Edifici abbandonati a rischio ora il Comune potrà demolirli

Diventati quasi sempre rifugi per disperati. La Provincia ha accolto una richiesta di Palazzo Thun: se ci sono problemi di sicurezza i ruderi potranno essere abbattuti anche senza un piano attuativo


di Chiara Bert


TRENTO. Alzi la mano chi, percorrendo via Brennero, non ha almeno una volta pensato: ma perché non li buttano giù? Con il passare degli anni gli ex capannoni abbandonati sono diventati parte del paesaggio urbano,scheletri fatiscenti come orribile biglietto da visita per chi arriva in città da nord. Ma per anni, a rotazione, si sono trasformati anche in pericolosi rifugi per senzatetto o, peggio, in terre di nessuno per lo spaccio della droga.

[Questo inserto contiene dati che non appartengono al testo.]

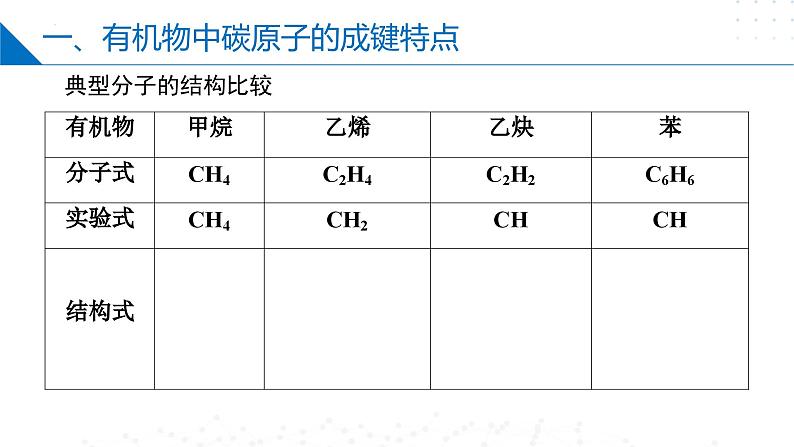 苏教版2019高二化学选择性必修三 第2章++有机物的结构与分类（同步课件）05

Edifici privati su aree private, sulle quali il Comune non aveva potere di intervenire. La decisione spettava ai proprietari, più d’uno di solito nel caso di aree di una certa ampiezza come l’ex Frizzera di via Brennero. E così gli scheletri restavano in piedi.

Ma le cose sono destinate a cambiare. La nuova legge sui piani regolatori, approvata la scorsa settimana in commissione, contiene un emendamento all’articolo 12 - presentato dall’assessore all’edilizia abitativa Carlo Daldoss - che prevede la possibilità di demolire gli edifici esistenti e in disuso. La giunta provinciale ha accolto una specifica richiesta venuta dal Comune di Trento di poter intervenire in particolare su alcuni manufatti nell’area nord della città. «L’abbattimento - spiega il vicesindaco Paolo Biasioli - non era possibile fino all’approvazione di un piano attuativo». Una clausola che impediva qualunque tipo di intervento in mancanza di un accordo con la proprietà dell’area.

È il caso appunto dell’ex concessionaria Euromix di via Brennero: a metà 2012 le ruspe sono entrate in azione dopo le proteste dei residenti della zona: via i piani e le pareti interne, via tutti gli infissi, così che il rudere sventrato non fosse più abitabile. Ma la demolizione è rimasta a metà: motivi di sicurezza perché la copertura dell'edificio è fatta di lastre di eternit. Ma a bloccare il comparto sono stati, negli anni, i complicati assetti proprietari, che hanno lasciato sulla carta i progetti di realizzarvi case, negozi, uffici, un cinema multisala e un parco pubblico. I proprietari non si sono accordati, per agire serve un piano attuativo. E a frenare la demolizione dei vecchi immobili contribuisce la paura di perdere il diritto di cubatura, dal momento che la legge prevede la possibilità di abbattere e ricostruire per non più del volume preesistente. Ai privati conviene dunque lasciare tutto com’è.

Non al Comune, che si è posto un problema di sicurezza per le persone, prima ancora che di decoro urbano. Un altro esempio che viene alla mente è quello dell’ex circolo tennis di Villazzano: a ricordarlo sono rimasti gli scheletri dei palloni che coprivano i campi. Anche qui nel 2011 si scrisse che qualcosa si stava muovendo, e che bisognava mettere in sicurezza l’area sprofondata nel degrado sotto una foresta impenetrabile. Il proprietario si è più volte lamentato dei soldi spesi per la manutenzione, ma senza un piano attuativo approvato anche in questo caso tutto è restato fermo. E si potrebbe continuare con gli ex: dall’ex Atesina all’ex asilo di via Manzoni, dall’ex scuola del legno all’ex casetta dei ferrovieri, edifici decadenti, spesso murati per impedirne l’accesso. La loro demolizione potrebbe oggi essere più vicina.